THE TASK - Exactly the lines from the line containing "om du vill.</div>" through the final line of the entries below must be returned, and only those, without pictures.

───── DATA FOR PROCESSING ─────

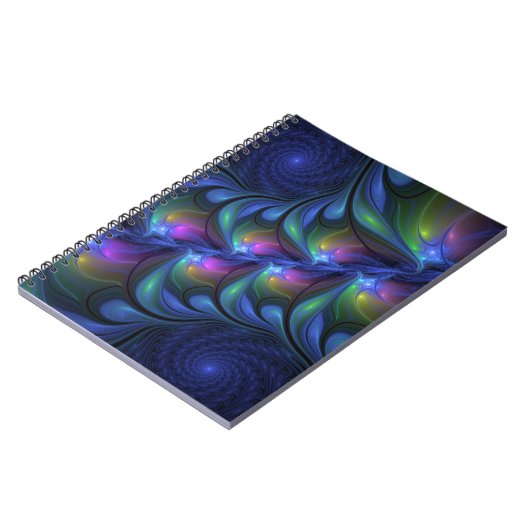 Farbenfrohe Abstrakte blaurosa grünes Fraktal Notizblock (Linke Seite)
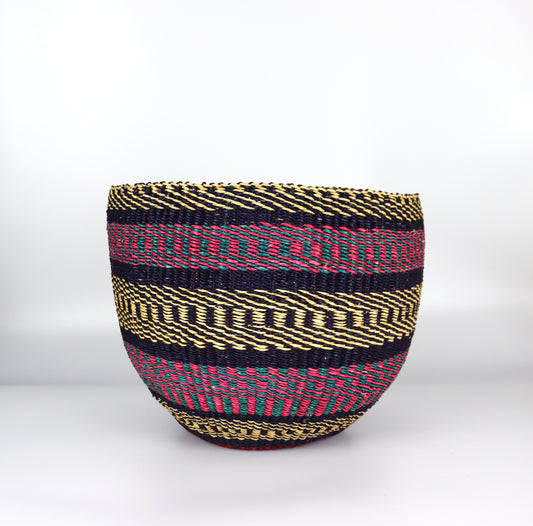 Pink, Black, Natural Brown Planter Basket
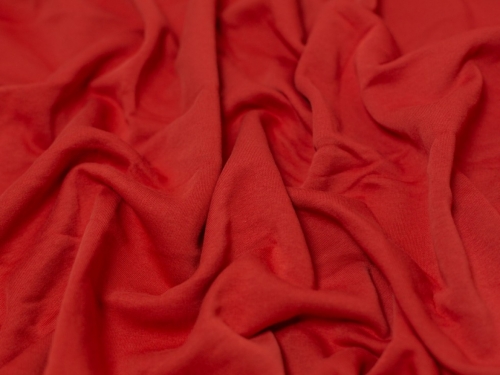 Minerva Core Range Polycotton Fleece Back Sweatshirt Stretch Knit Fabric Paprika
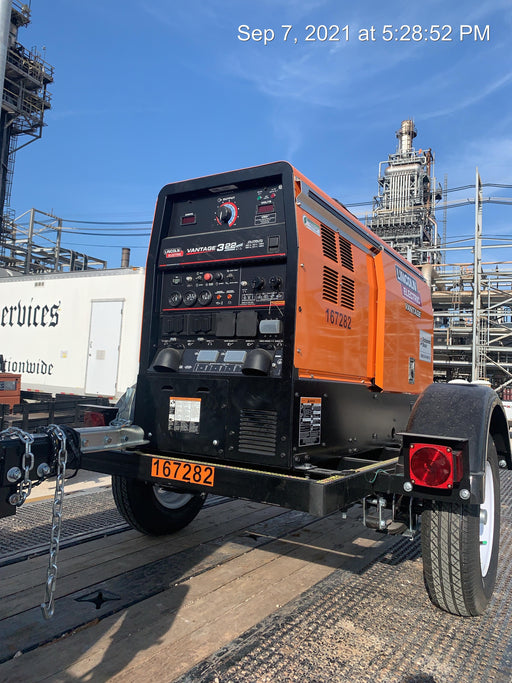 2021 Lincoln Electric Vantage 322 Vantage 322 Ready Pak 3 w/ Decals, ORANGE (includes trailer, cable rack, fender light kit) NO Telematics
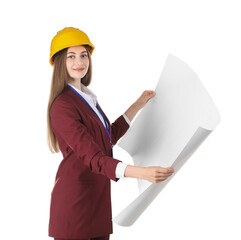 Engineer in hard hat with draft on white background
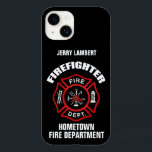 Firefighter Namn-mall<br><div class="desc">Red Fire Department logotyp. Anpassa med ditt namn och din avdelning. Underbar för brandmän och första responders. Klicka på anpassa den om du vill ändra bakgrunden färg från svart till något annat om du vill.</div>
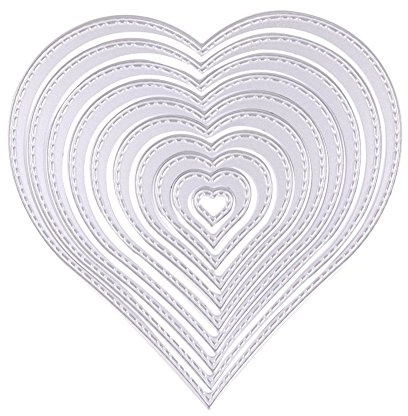 U-horizon 10pcs LOVE Heart Cutting Dies, DIY Scrapbooking Metal Embossing Stencil For Album Paper Card Art Craft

─────

SOLUTION TO THIS TASK -
 Firefighter Namn-mall<br><div class="desc">Red Fire Department logotyp. Anpassa med ditt namn och din avdelning. Underbar för brandmän och första responders. Klicka på anpassa den om du vill ändra bakgrunden färg från svart till något annat om du vill.</div>
 U-horizon 10pcs LOVE Heart Cutting Dies, DIY Scrapbooking Metal Embossing Stencil For Album Paper Card Art Craft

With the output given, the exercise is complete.